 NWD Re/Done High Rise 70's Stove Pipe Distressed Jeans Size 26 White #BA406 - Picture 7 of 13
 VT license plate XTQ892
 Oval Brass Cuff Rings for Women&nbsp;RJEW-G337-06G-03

▬▬▬

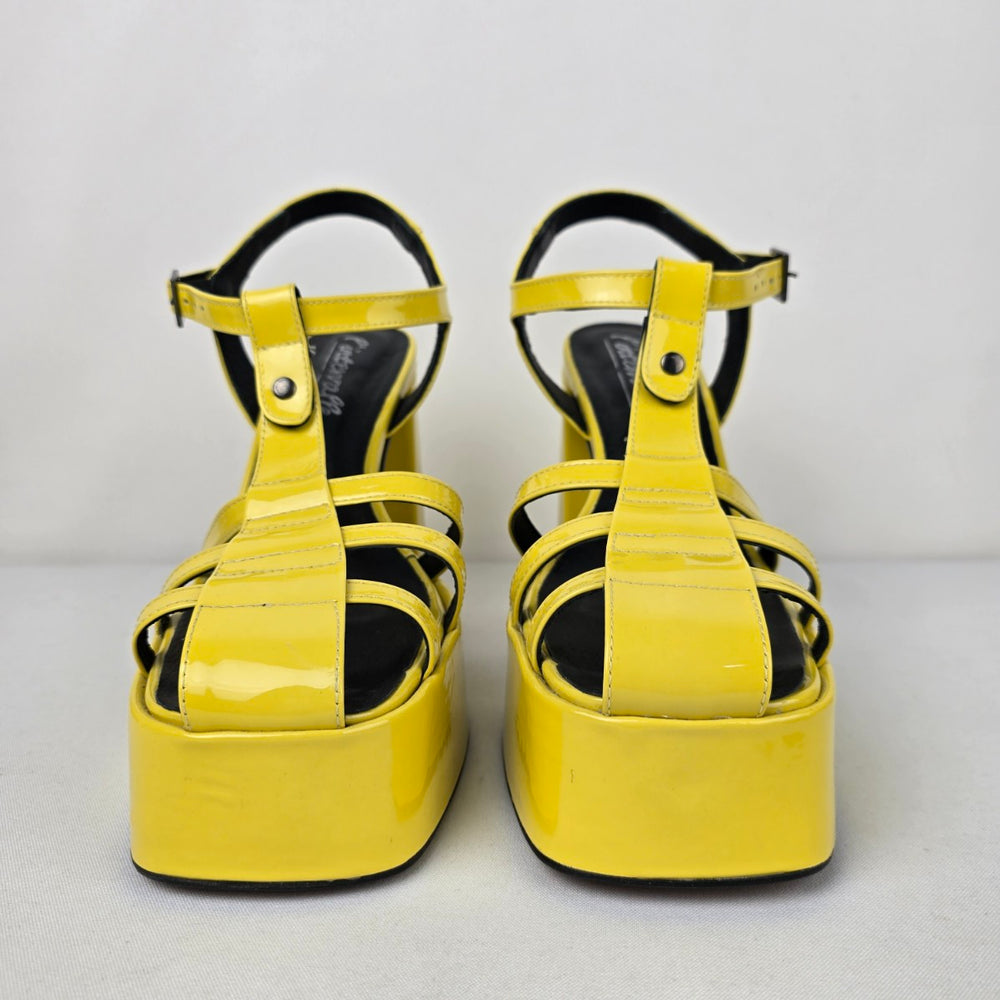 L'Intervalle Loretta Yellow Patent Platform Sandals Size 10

▬▬▬

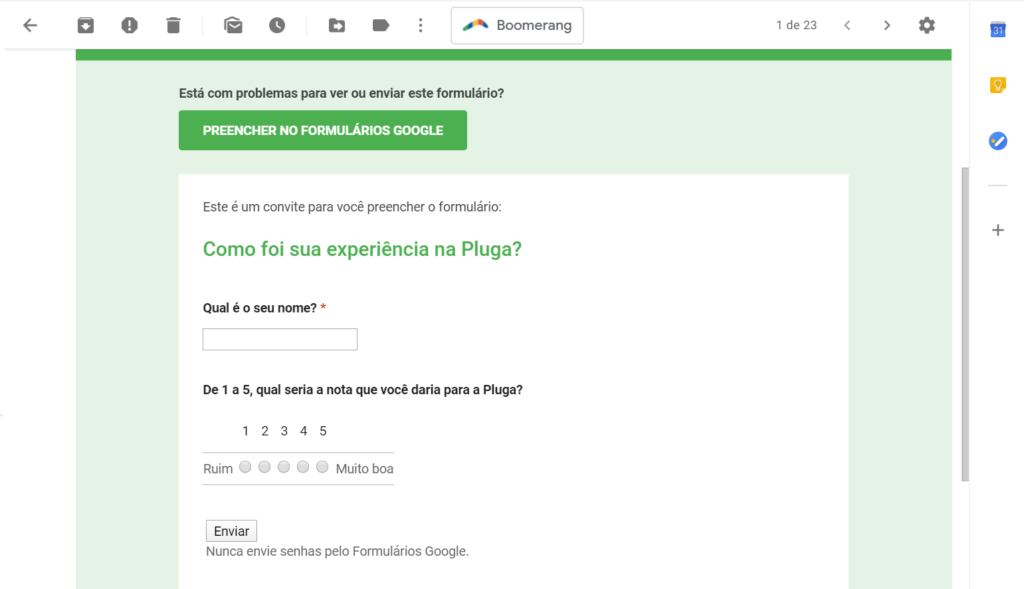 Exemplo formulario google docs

▬▬▬

Problem to work on =
Repeat the entries above verbatim, but only from the line that has "NWD Re/Done High" down to the line that has "Oval Brass Cuff", inclusive.

Solution for this exercise =
 NWD Re/Done High Rise 70's Stove Pipe Distressed Jeans Size 26 White #BA406 - Picture 7 of 13
 VT license plate XTQ892
 Oval Brass Cuff Rings for Women&nbsp;RJEW-G337-06G-03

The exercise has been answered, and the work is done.